There are funky beach towns and tony ones and everything in between. A beach town can be just a collection of trailers and shacks, and maybe a few surf and dive shops, and that’s it. These places are heaven for some folks, totally unappealing to others. One might take the family there for a vacation but that family would have to be pretty unusual.
At the other extreme are places like Malibu and the entire island of Nantucket, famous for good reason and not exactly family destinations, either, unless the family is one whose name gets in the news sometimes. Cannes and St. Tropez might also be beach towns of this sort, whereas Marseille is definitely not. Miami might fit in this category, as well, though that’s pushing the envelope to the point of ripping it open. Key West is essentially a beach town, or was once until it became almost a caricature of one, with way too many bars. On the other hand, being drunk on the beach, especially at sunset, is a hallowed beach town tradition, but does one bring the children along?
A big question on our trip was how Cape May, a beach town in New Jersey, measured up against Cape Cod, our local seaside collection of beach towns of all sorts. There are many Bostonians whose only getaway place, ever, has been somewhere on “the Cape,” as it is known, with families having vacationed at the same locales for generations. The more prosperous have obtained cherished second homes down there, with one-time “summer places” (i.e., shacks) getting winterized and now inhabited year round. This gives Cape Cod a very suburban feel, a far cry from the “quaint little villages here and there” as described in the song, Old Cape Cod, written so long ago.
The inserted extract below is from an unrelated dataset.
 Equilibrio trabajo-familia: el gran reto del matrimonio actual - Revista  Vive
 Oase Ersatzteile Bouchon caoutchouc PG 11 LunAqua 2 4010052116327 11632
It should come as no surprise that many permanent residents are retirees, for what better place to spend the last of one’s days than someplace one has vacationed for so many years? Cape Cod’s popularity has made it a much busier place and not quite the getaway it once was; in summer all the roadways are jammed and the lines at the supermarket are very long. And of course, the winters can get a bit dreary and long. The place is not quite a retirement mecca like Florida or Arizona, but on the other hand the health facilities in nearby Boston are world class, and as one ages that’s no small thing.
Cape Cod also has kind of an island ambience, as it’s cut off from the mainland by a canal and one can only access it by a couple of bridges. Backups heading onto and off of the Cape are legendary, and slow traffic all the way to and/or from Boston, depending on the timing, is part of the Cape experience. But hey, once you cross that bridge, you’ve entered another world, if only in your romantic and/or nostalgic imagination, and does anything besides that really matter?
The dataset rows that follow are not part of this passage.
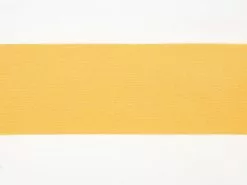 Beliani Aurinkotuoli Pehmusteilla Keltavalkoinen CESANA 18 Beliani Aurinkotuoli Pehmusteilla Keltavalkoinen CESANA -Ulkokalusteet shop undef src sa picid 774996 type whitesh image scaled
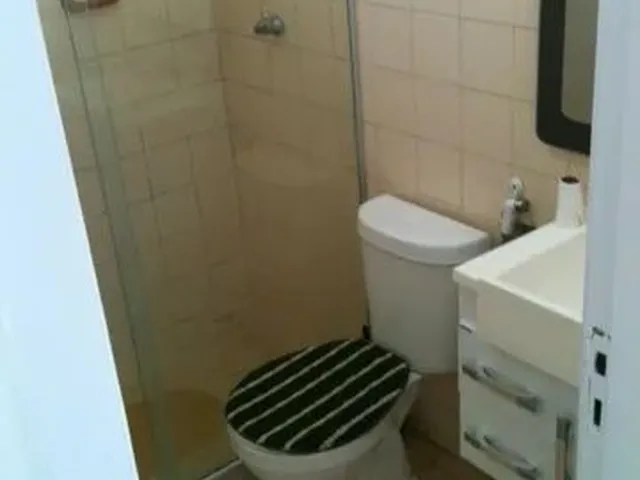 Imagem 3: 3/4 + Dependência no Imbuí - Oportunidade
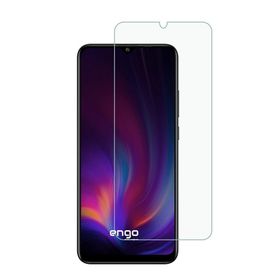 Engo General Mobile GM 21 Plus New Edition Nano Ekran Koruyucu
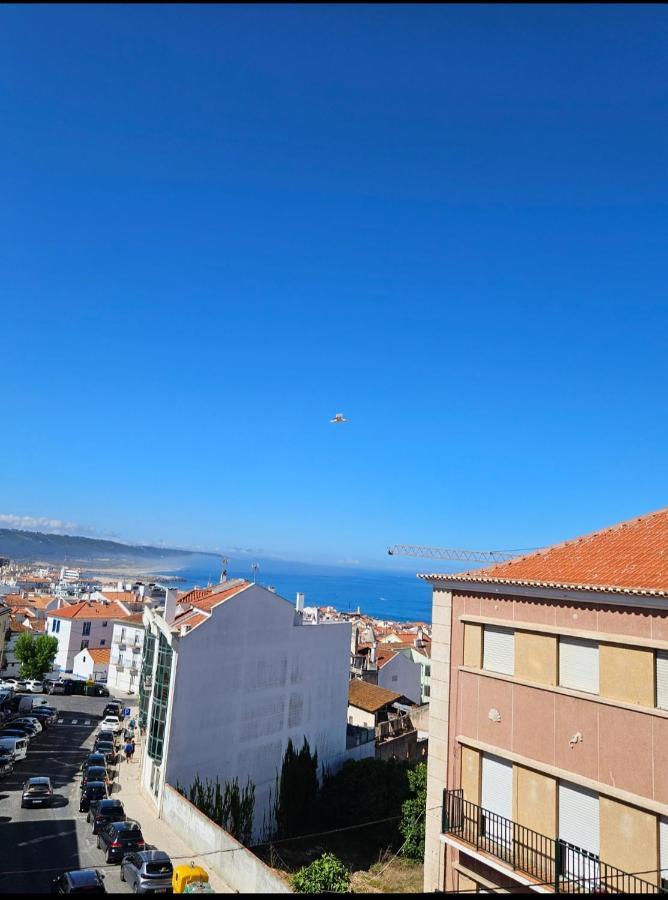 Marques * Nazare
Though many natural areas on Cape Cod have diminished or disappeared due to development, pockets of untouched habitat remain here and there, including the vast National Seashore on the Atlantic side and Monomoy National Wildlife Refuge on the southeast corner, much of it an island closed to the public. Monomoy hosts vast numbers of birds in the summer, breeders and migrants alike, but to see them you’ll need a boat. Cape Cod has had a very active birding community for a long time, so the record of what has shown up there is impressively long, with few species of note escaping scrutiny. The Boston Globe runs a weekly bird report from the Cape each week, lending it a mystique beyond the fried clams and the white shark sightings and knowing which Kennedys are at the family compound in Hyannisport.
Cape May, New Jersey, presents a similar gestalt, where the town boasts numerous well-maintained Victorian dwellings and likely a good number of retirees, along with tasteful tourist accommodations and only two liquor stores. It’s a quiet place, with no ferris wheels or roller coasters, no water parks or eight mile boardwalk with shopping and arcades.
For these, one must travel up the Jersey shore to Ocean City, a truly classic family fun destination in the grand tradition. It is likely generations of New Yorkers and Philadelphians have cherished childhood memories of the place and similar ones nearby, things like eating too much cotton candy and getting sick on the roller coaster, frolicking in the surf with hundreds of other kids, scoring big at games in the arcade, getting a terrible sunburn.
Our travel companions on this excursion were not exactly family, but as a group we were congenial. At one point we did stop by the Ocean City Visitor Center, which stands on an island in the middle of the highway bridge that leads into town. This was only because down below was a very active and lovely heron rookery, seemingly an ill chosen location but if all the breeding birds down there could talk they might’ve explained why, with safety from predators near the top of the list, more than likely. The rookery fit our agenda, whereas everything else at Ocean City did not, and we moved on.
The same kind of odd contrast presented itself a bit father up the Jersey shore, where the Forsyth National Wildlife Refuge, a vast and beautiful marsh area, sits incongruously adjacent to Atlantic City. Perhaps you’ve seen the movie and already know something about Atlantic City, a family fun destination that hit upon hard times about 50 years ago. Their formula for economic revival was to create a kind of Las Vegas by-the-sea, a colorful story of casinos and mobsters and lounge acts and families heading elsewhere for family fun.
It is a fact that casino trips are a staple of those bus trips favored by seniors for day outings, up there with live theater matinees and all-you-can-eat restaurants. The entire group on our multiple-day outing turned out to be impressively old, some of us in our seventies and a number in their eighties, and included four couples who had shared lives together for a long, long time. Nobody suggested leaving the glories of Forsyth for a few hours of slots over across the way, for we were seniors on a different mission.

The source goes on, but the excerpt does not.